Kirtland’s warblers were first detected at the Adams County nesting site during a brief site visit on May 13. Our main Kirtland’s warbler monitor Sam Jonas began work on Monday May 16, and on his first day of work he was able to document at least 6 birds already present at the site. By the end of the week Sam had determined that a minimum of 12 males were present, of which 11 are banded.
The first female was observed on May 17, and there are now at least four known to be present, with the first nest building observed on Thursday the 19th. As was the case last year, we again have a banded male that has only three of the expected four bands. We believe we know the identity of this bird through the process of elimination, but are eager to capture and confirm his identity.

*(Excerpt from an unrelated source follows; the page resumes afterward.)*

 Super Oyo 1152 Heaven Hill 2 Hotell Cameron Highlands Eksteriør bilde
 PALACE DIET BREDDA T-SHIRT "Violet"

This morning we held the first of two 2011 Kirtland’s warbler field trips hosted by the Natural Resources Foundation of Wisconsin, and it was a great success. Approximately 30 attendees were greeted by ideal weather conditions and a cooperative male Kirtland’s warbler that sang frequently, allowing it to be viewed by all participants. A second field trip is planned for tomorrow morning.

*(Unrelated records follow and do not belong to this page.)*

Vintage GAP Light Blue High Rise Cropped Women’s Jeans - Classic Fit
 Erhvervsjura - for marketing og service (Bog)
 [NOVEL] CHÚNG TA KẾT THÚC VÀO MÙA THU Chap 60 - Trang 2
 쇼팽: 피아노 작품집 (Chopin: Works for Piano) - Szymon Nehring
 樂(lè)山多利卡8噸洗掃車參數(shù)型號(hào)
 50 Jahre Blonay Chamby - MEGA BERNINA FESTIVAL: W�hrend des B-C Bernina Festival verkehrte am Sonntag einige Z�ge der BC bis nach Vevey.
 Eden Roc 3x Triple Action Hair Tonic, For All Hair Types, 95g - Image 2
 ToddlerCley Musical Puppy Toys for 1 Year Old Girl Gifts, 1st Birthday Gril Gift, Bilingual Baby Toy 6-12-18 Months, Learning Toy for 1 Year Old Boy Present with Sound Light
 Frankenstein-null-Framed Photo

Twenty volunteers and 6 staff have begun field surveys for Kirtland's warblers at sites in 8 counties. Just today we received word of a single male Kirtland’s warbler at the same Bayfield County site where several birds were observed in 2010. We plan to follow up on this observation to determine if more birds may be present.
Brown-headed cowbird traps have been in operation at the Adams County site since April 18. As of May 20, USDA Wildlife Specialist Barry Benson reports a total of 127 cowbirds have been captured, consisting of 79 males and 48 females. This number is significantly lower than totals for the same period last year, and reports from the Michigan cowbird trapping program indicate a similar pattern. We suspect this may be due to our prolonged, cool spring, with cowbirds remaining flocked in areas where food is available. This appears to also be reflected in the high number of incidental captures of blue jays and rose-breasted grosbeaks observed this year. One of the more interesting captures was a single female evening grosbeak found in a trap last Monday the 16th. This year, we have again deployed three traps, and plan to operate them through mid-June, similar to last year.